As an active memory exercise and an initiative to strengthen the public incidence of Social Work and promote the discipline, the book “100 years of Social Work in Chile: weaving knowledges to transform the future” was developed. This project was supported by the Vicerectory of Research, Creation and Innovation (VINCI) of the PUCV.
This work was born as an initiative from the researchers of Social Work Network and was co-edited by scholars in the School of Social Work in our University, Sandra Iturrieta and Clément Colin, together with Lucy Ketterer, professor at the Universidad de la Frontera; and gathers articles from 30 scholars from universities throughout the country, with Cecilia Zuleta an María Soledad Ascencio, also faculty members of this university, among them.

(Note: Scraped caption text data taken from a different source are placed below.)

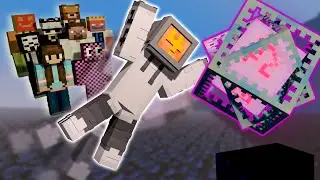 From Community to Chaos: How We Lost Everything at 2b2t Spawn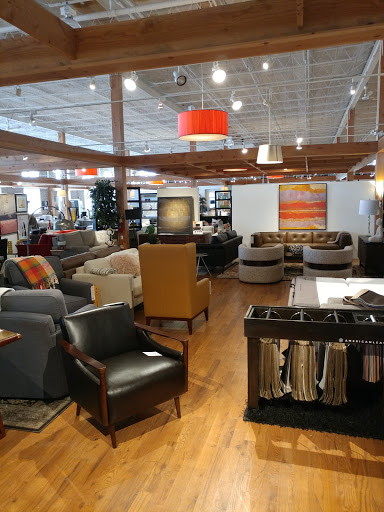 Furniture Store «Domicile Furniture», reviews and photos, 3701 W Lunt Ave, Lincolnwood, IL 60712, USA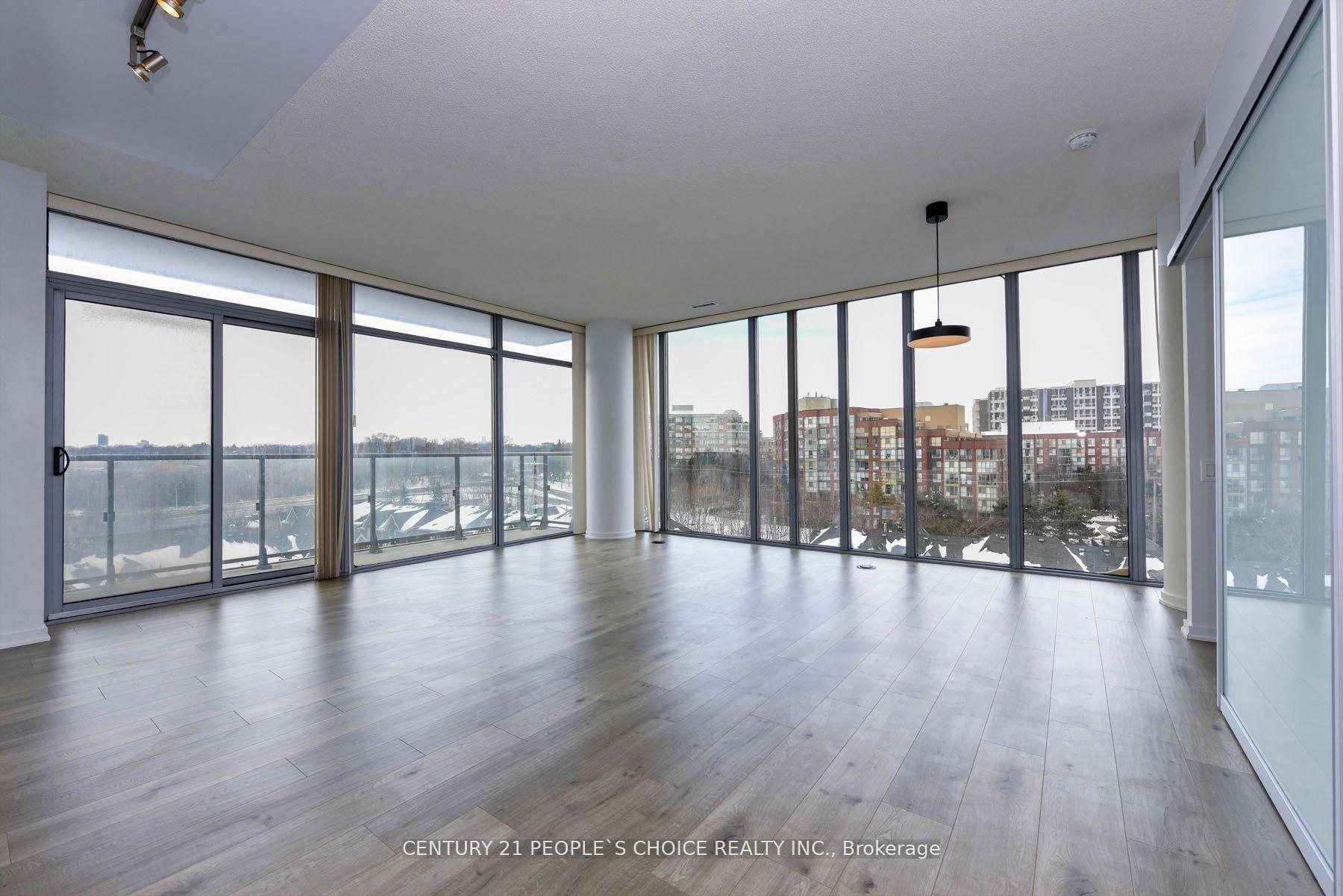 2 Bedrooms Condo at 105 The Queensway, Toronto For sale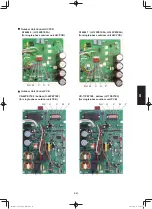 Предварительный просмотр 599 страницы Panasonic S-36PU1E5A Service Manual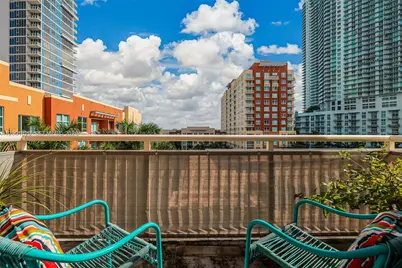 2001 Biscayne Blvd #2617, Miami, FL 33137 - Photo 25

Professor Sandra Iturrieta, main promoter of this initiative, highlighted that the book has a very clear goal: “to increase the public incidence of Social Work”, so the discipline is not worn out in the academic field, but will “actively contribute to the debates that society goes through, the dispute for rights, the policy creation and the transformation of common senses about what is just, dignified and possible”, according to what co-editors express in the opening text.
The book presentation was led by Vicerector of Research, Creation and Innovation, Luis Mercado, who commented that when Professor Sandra Iturrieta approached them to request support, “we saw that it was an opportunity to back up these types of initiatives that our scholars are developing. The significant element is the relationship that we can establish so that different Vicerrectors can become aware of the needs arising within the university community”.
Professor Carlos Valdebenito, secretary of the Economic and Administrative Sciences Faculty, to which the Social Work program belongs, referred to the content of the book, which performs an “extensive and dense review of issues that concern us in the various territories that we inhabit”; he also highlighted “the richness of the content that accumulates in this collective intelectual work, and most of all, it’s critical and prospective perspective, that is – without a doubt – a product of the clarity both in the call and the selection carried out”.
During the presentation, the director of the School of Social Work, Edgardo Toro, thanked Professor Sandra Iturrieta for “the opportunity she gives us to come together and share through this book. The excuse is to think together about Social Work. I thank her for her encouragement and energy to write books and do it collectively”.
In a dialogue that also included the participation of Juan Saavedra and Felipe Saravia from the Universidad del Biobío, who collaborated with their own articles, Clément Colin, co-editor of the book, pointed out that this work seeks to account for the “academic and disciplinary diversity” of Social Work and that it also poses reflections and issues in the field of Social Sciences.